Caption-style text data
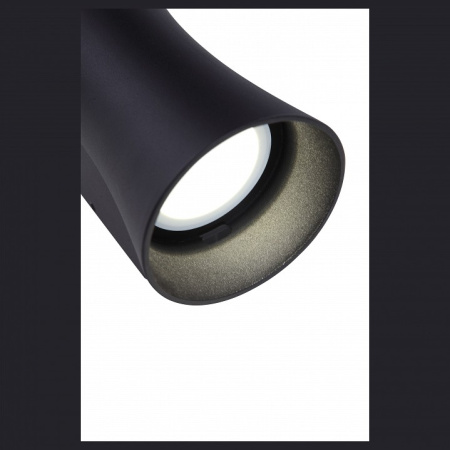 Фото Накладной светильник ST-Luce Deale SL088.401.02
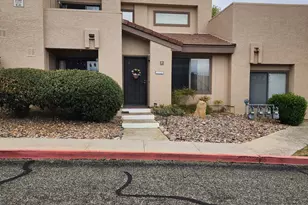 2180 S Resort Way, Prescott, AZ 86301 - Photo 1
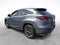2022 Lexus RX 350 F SPORT PERFORMANCE AWD F SPORT PERFORMANCE AWD
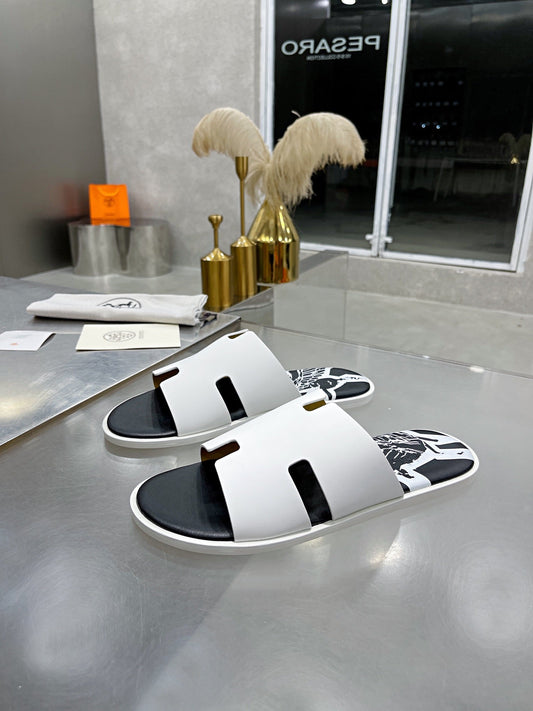 Luxury Shoes - HMS - 809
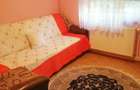 Apartament cu 2 camere semidecomandat în Zimbru - 2
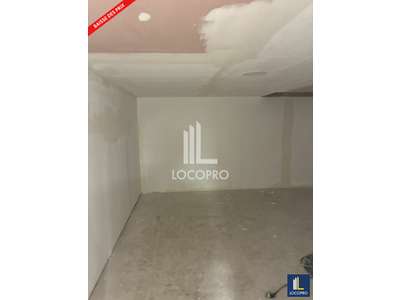 Location Locaux commerciaux - Boutiques à Vidauban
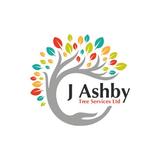  J Ashby Tree Services Ltd - Tree Services in Matlock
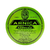 Pomada Corporal Arnica De La Abuela 30 Gr Pack C/5 - comprar en línea
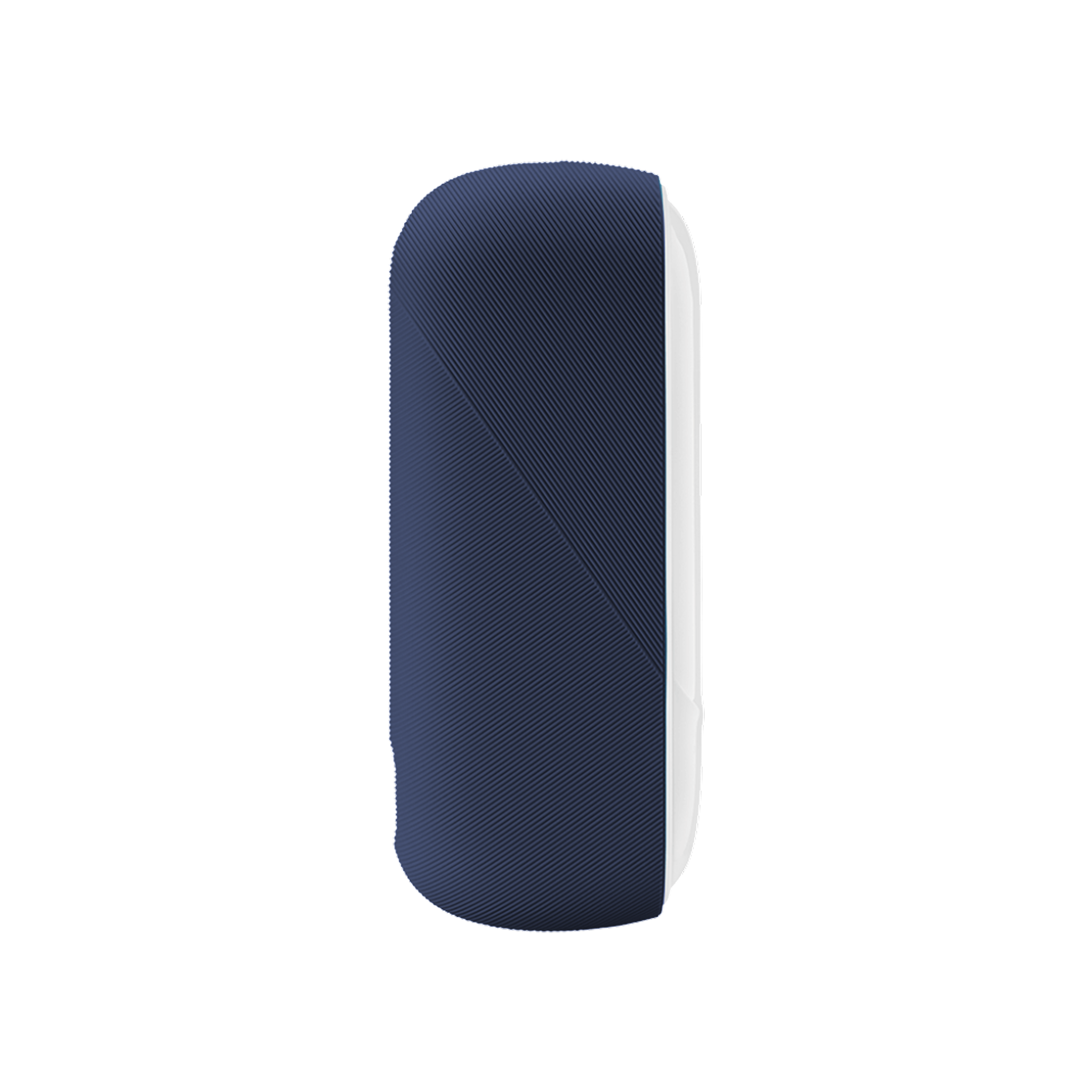 IQOS DUO Silikonhülle Slate (Slate)
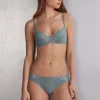 Super Push-up-BH Gioia Embrace Simplicity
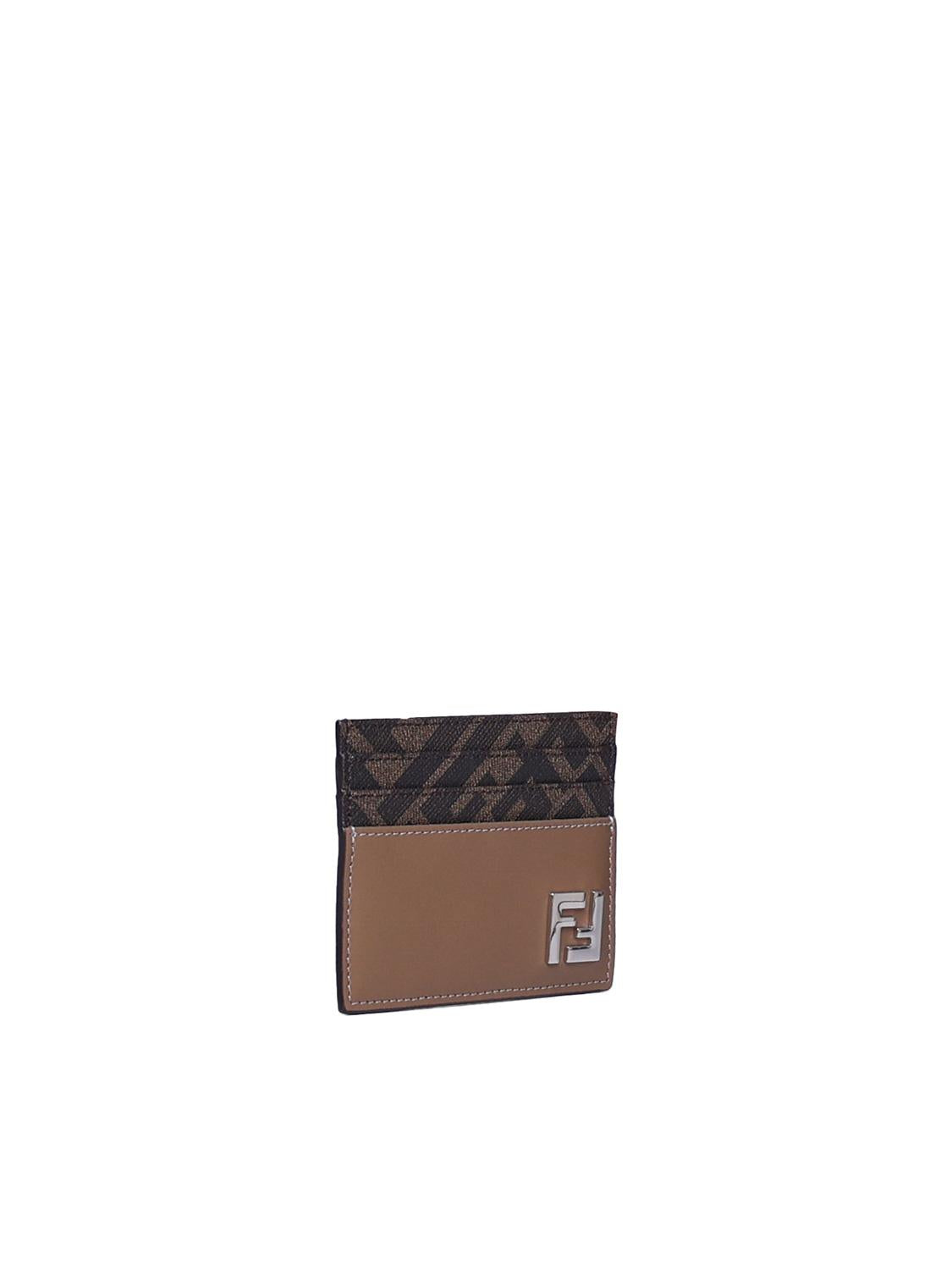 7M0164AFF2F1M6E FENDI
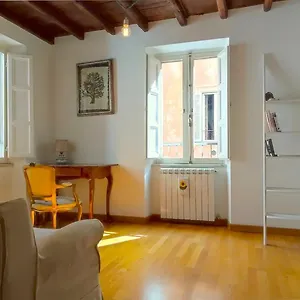 Appartamento San Martino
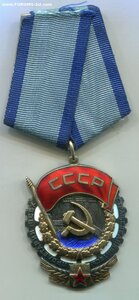 ТКЗ 252 ХХХ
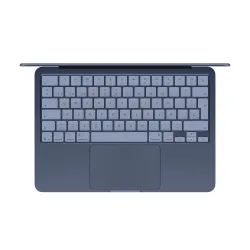 MacBook Neo A18 Pro 8GB 256GB Indigo | ShopDutyFree.de 7
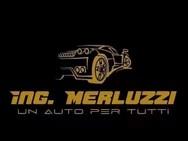 ING. MERLUZZI Srl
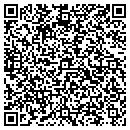 QR code with Griffith Amanda M contacts
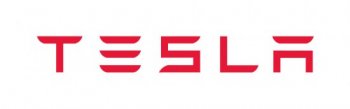 Tesla с рекордно първо тримесечие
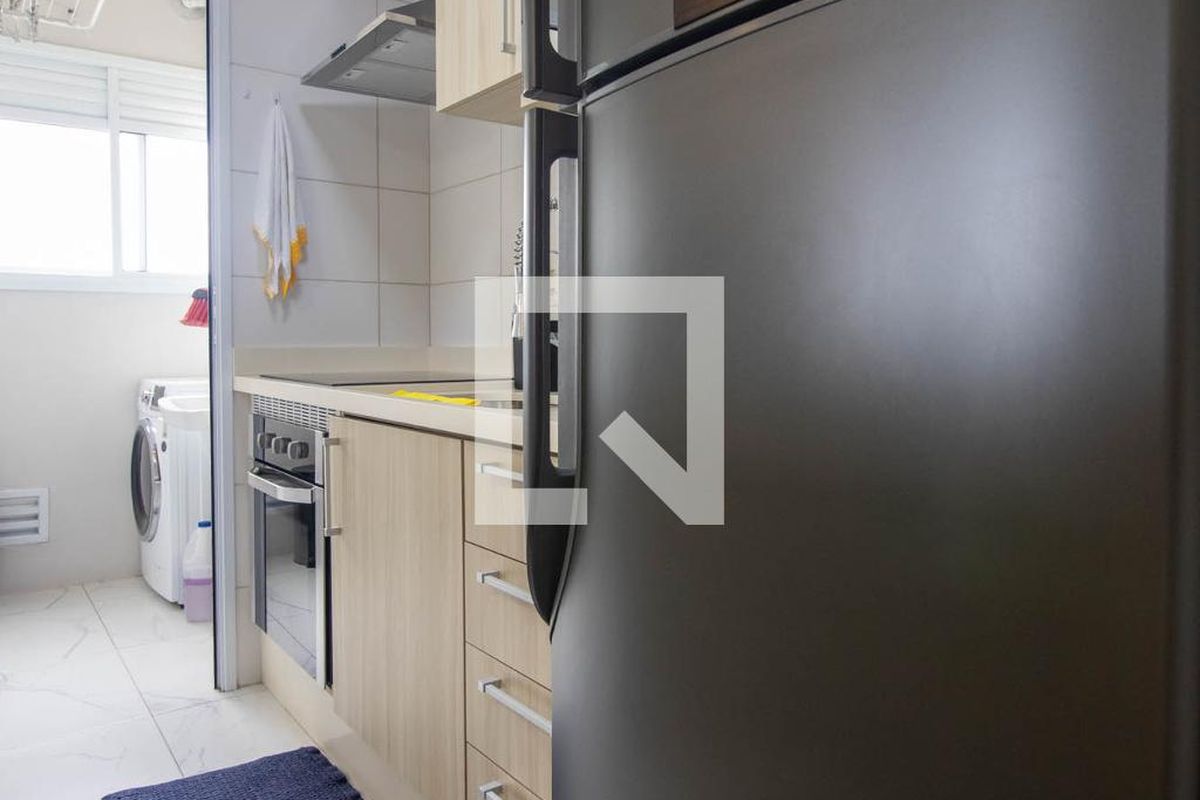 Apartamento, 2 quartos, 67 m² - Foto 70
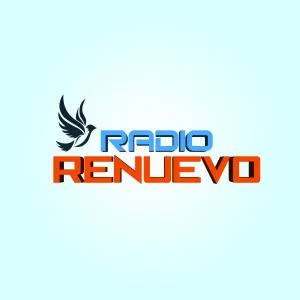 Radio Renuevo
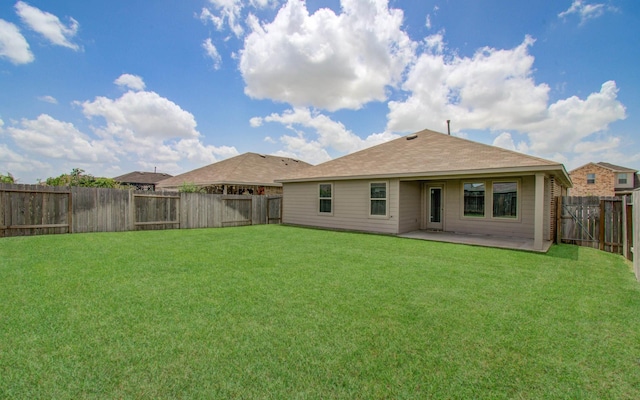 5126 Ternberry Forest Ln, Katy, TX 77449 - photo 26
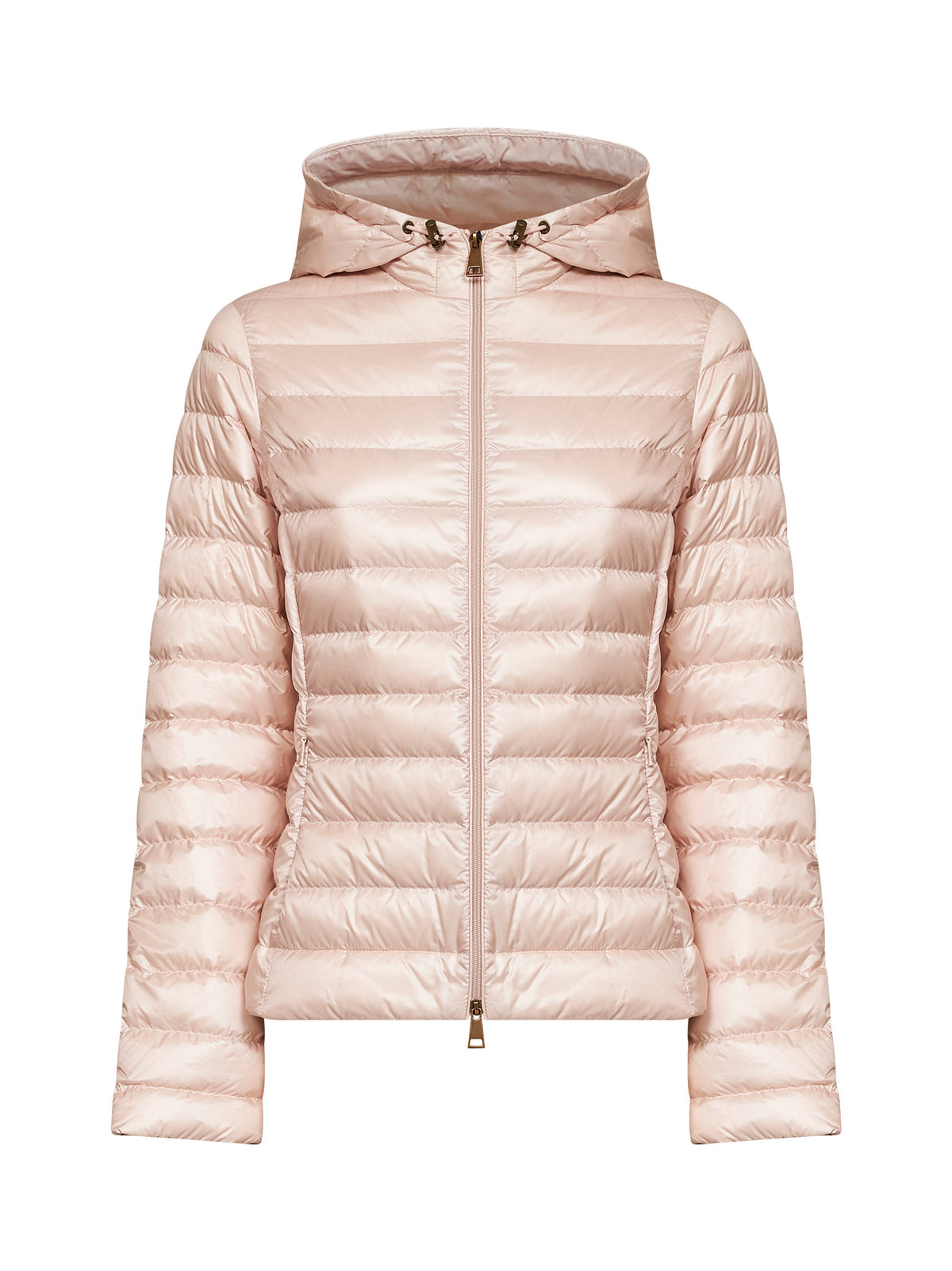 L20931A00092597YG529 MONCLER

• **Task directions**
Copy each line of the records above exactly as written. Do not carry over any picture.

• **Problem solution**
 Фото Накладной светильник ST-Luce Deale SL088.401.02
 2180 S Resort Way, Prescott, AZ 86301 - Photo 1
2022 Lexus RX 350 F SPORT PERFORMANCE AWD F SPORT PERFORMANCE AWD
 Luxury Shoes - HMS - 809
 Apartament cu 2 camere semidecomandat în Zimbru - 2
 Location Locaux commerciaux - Boutiques à Vidauban
  J Ashby Tree Services Ltd - Tree Services in Matlock
 Pomada Corporal Arnica De La Abuela 30 Gr Pack C/5 - comprar en línea
 IQOS DUO Silikonhülle Slate (Slate)
 Super Push-up-BH Gioia Embrace Simplicity
 7M0164AFF2F1M6E FENDI
 Appartamento San Martino
 ТКЗ 252 ХХХ
 MacBook Neo A18 Pro 8GB 256GB Indigo | ShopDutyFree.de 7
 ING. MERLUZZI Srl
 QR code with Griffith Amanda M contacts
 Tesla с рекордно първо тримесечие
 Apartamento, 2 quartos, 67 m² - Foto 70
 Radio Renuevo
 5126 Ternberry Forest Ln, Katy, TX 77449 - photo 26
 L20931A00092597YG529 MONCLER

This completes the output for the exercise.